Aspiring Author
4.0
Rating Breakdown
3 total ratings
This first chapter really drew me in with its clear explanations. I appreciated how it broke down AI, ML, and Deep Learning so accessibly. The way it explained the math concepts like linear algebra and calculus felt very intuitive. Learning about the perceptron and activation functions was a great starting point. I'm definitely interested in reading the rest of this book. It seems like it will provide a solid foundation for anyone wanting to understand deep learning applications. I'm curious to see how it builds on these foundations in the next chapters. The author does a good job of making complex topics understandable. I can see this being a valuable resource for data science students. I'm looking forward to exploring the practical applications mentioned.
This first chapter of "Deep Learning: From Theory to Application" offers a solid and informative introduction. The explanation of AI, ML, and Deep Learning's evolution felt particularly well-paced and clear. I appreciated the emphasis on understanding the underlying math intuitively rather than just presenting formulas. The introduction of the perceptron and activation functions provided a good foundational understanding. The chapter effectively sets the stage for the complexities to come.
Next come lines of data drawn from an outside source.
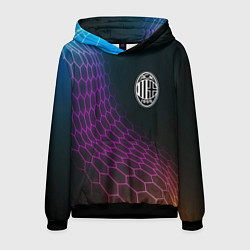 Толстовка-худи мужская AC Milan футбольная сетка, цвет: 3D-черный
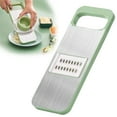 thumbnail image 4 of Food Slicer For Kitchen,Adjustable Slicer for Kitchen,Stainless Steel Food Slicer,Vegetable Slicer for Cucumber,Potato,Carrot,Onion,Vegetable Cutter,Food Pusher Included,Easy to Use and Clean(Green), 4 of 9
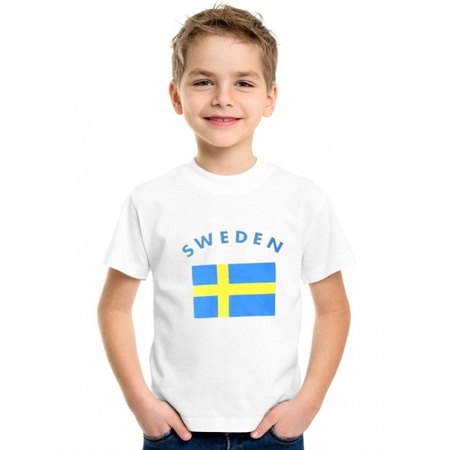 Kids t-shirt flag Sweden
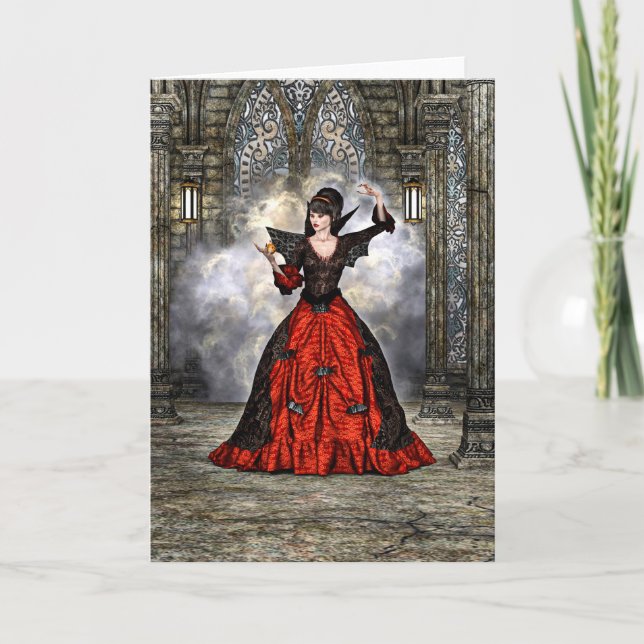 Lady Vamp Card (Front)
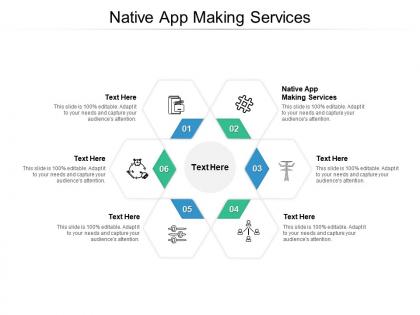 Native app making services ppt powerpoint presentation show slide download cpb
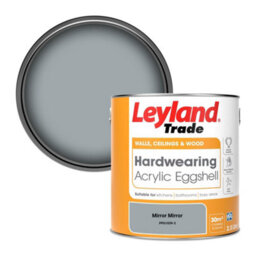 Leyland Trade Hardwearing Acrylic Eggshell Emulsion Paint Mirror Mirror (Ppg1039-3) 2.5L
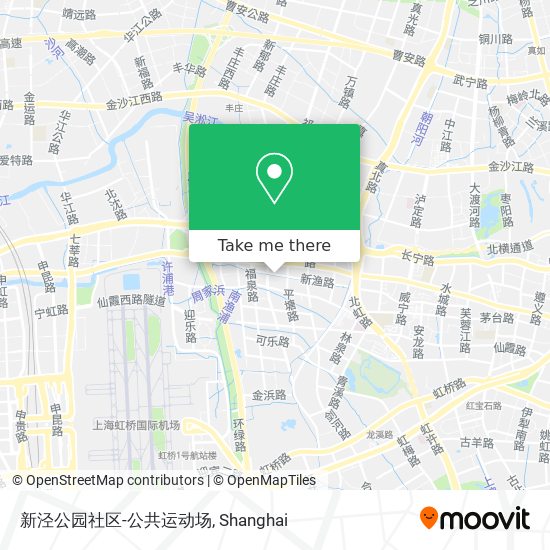 新泾公园社区-公共运动场 map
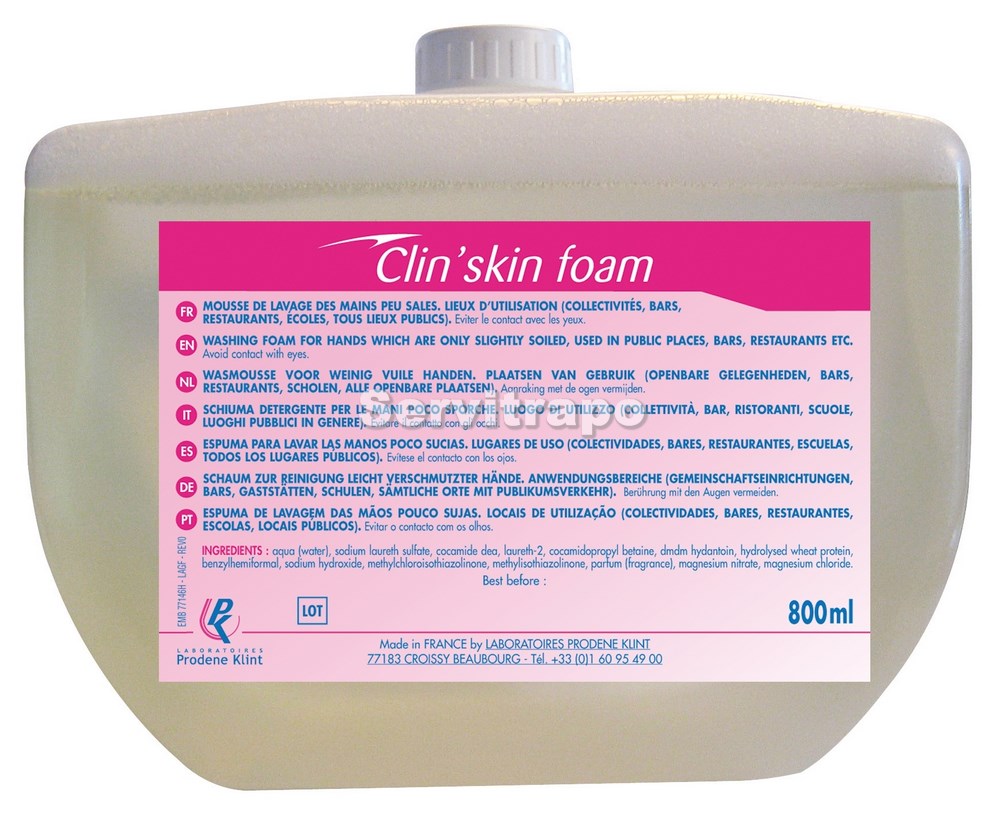 Clin'skin foam 800ml
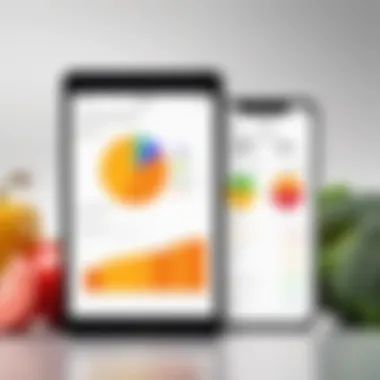 Nutritional Insights from Food Tracking Graph depicting nutritional statistics from a food tracking app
I'm definitely interested in reading the rest of this textbook. It seems like a valuable resource for data science students. The authors did a good job making this complex topic accessible. Can't wait to see where this story goes.
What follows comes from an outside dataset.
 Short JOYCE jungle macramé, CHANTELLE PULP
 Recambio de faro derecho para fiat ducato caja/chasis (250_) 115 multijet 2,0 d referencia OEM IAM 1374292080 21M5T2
This first chapter really drew me in with its clear explanation of foundational concepts. I appreciated how Emanuel laid out the evolution from AI to ML to Deep Learning so effectively. The explanation of the necessity of math, like linear algebra and calculus, felt very accessible. Learning about the perceptron and different activation functions was a solid introduction to the building blocks. I am definitely interested in reading the rest to see how these theories translate into applications. It feels like a well-structured start to a comprehensive deep learning textbook. I'm curious to see how CNNs, RNNs, and GANs are explained in subsequent chapters. This chapter provides a promising foundation for any aspiring data scientist. The author does a great job of making complex topics approachable. It sets the stage well for the practical applications promised in the description.